日本代表のMF本田圭佑(25=CSKAモスクワ)が、6月から始まるW杯アジア最終予選に向け、胸中を激白した。15日、成田空港着の航空機でモスクワから帰国。昨年9月の右膝手術以降は故障に悩まされ、9カ月ぶりの代表復帰になる。6月で26歳になる日本のエースは、2年後の14年W杯ブラジル大会に向け「俺が復活するというのは絶対」と宣言。戻ってきた本田が、再びW杯への道を歩み出す。

 絞った体を包み隠すように、本田はベージュ色のスーツを身にまとっていた。無駄な肉は一切ない。これまでよりたくましくなった体と、精悍(せいかん)な表情。昨年9月の右膝手術後は故障の連続だった。苦しいリハビリに耐え、9カ月ぶりに代表に戻ってきた。W杯最終予選は目前に迫っている。これまでの沈黙を破るように、胸にため込んでいた思いを語った。

 「ハッキリ言って、俺が復活するというのは絶対。俺自身、当然のことなんです。そういう強い思いは、ハッキリとした形で持っていないといけない。ケガをしても必ず、またやれる自信はありましたから」

 誰よりも、自分の復活を信じてきた。この日朝に成田空港に着くと、大勢の報道陣に囲まれた。サングラスの奥にあった視線は真っすぐ前だけを見つめ、一切歩みを止めずに二言三言だけ話し、迎えの車に乗り込んだ。向かった先は首都圏のリハビリ施設。約2時間、故障箇所のチェックを受けた。最後まで万全の状態にこだわった。

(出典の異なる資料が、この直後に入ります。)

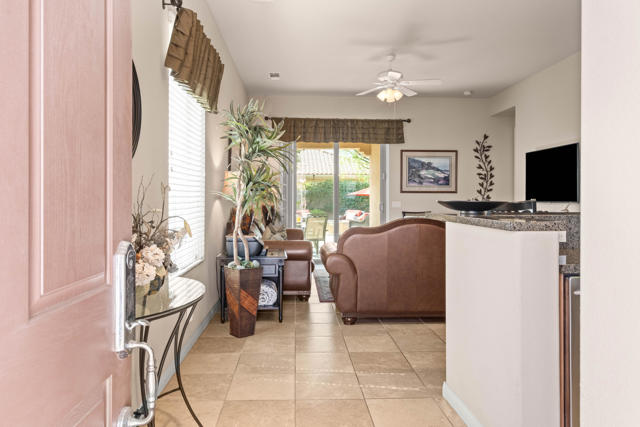 81673 Avenida Alturas, Indio CA: https://media.crmls.org/mediaz/c699d3b2-cc15-4c64-a823-590550f6dbe9.jpg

 「この9カ月、苦しいとは思っていない。足踏みをしたとも思わない。十分にプレーできていることが前進になるかどうかは分からないし、逆にケガしたことが何よりの前進になるかも知れない。結果的に、こうなったこと(長期離脱)を悲観してはいない」

 それは、何度も挫折を乗り越えてきた本田らしい言葉だった。どんな苦境も成長の糧にする。幼少時代からの信念がある。転んでも転んでも、石ころを握りしめて、また起き上がる-。今年1月31日にはセリエAの名門ラツィオの移籍が破談になった。その後も故障を再発。欧州チャンピオンズリーグ・決勝トーナメント、Rマドリード戦を欠場する不運もあった。夢にまで見た舞台。それでも「苦しい」とは言わなかった。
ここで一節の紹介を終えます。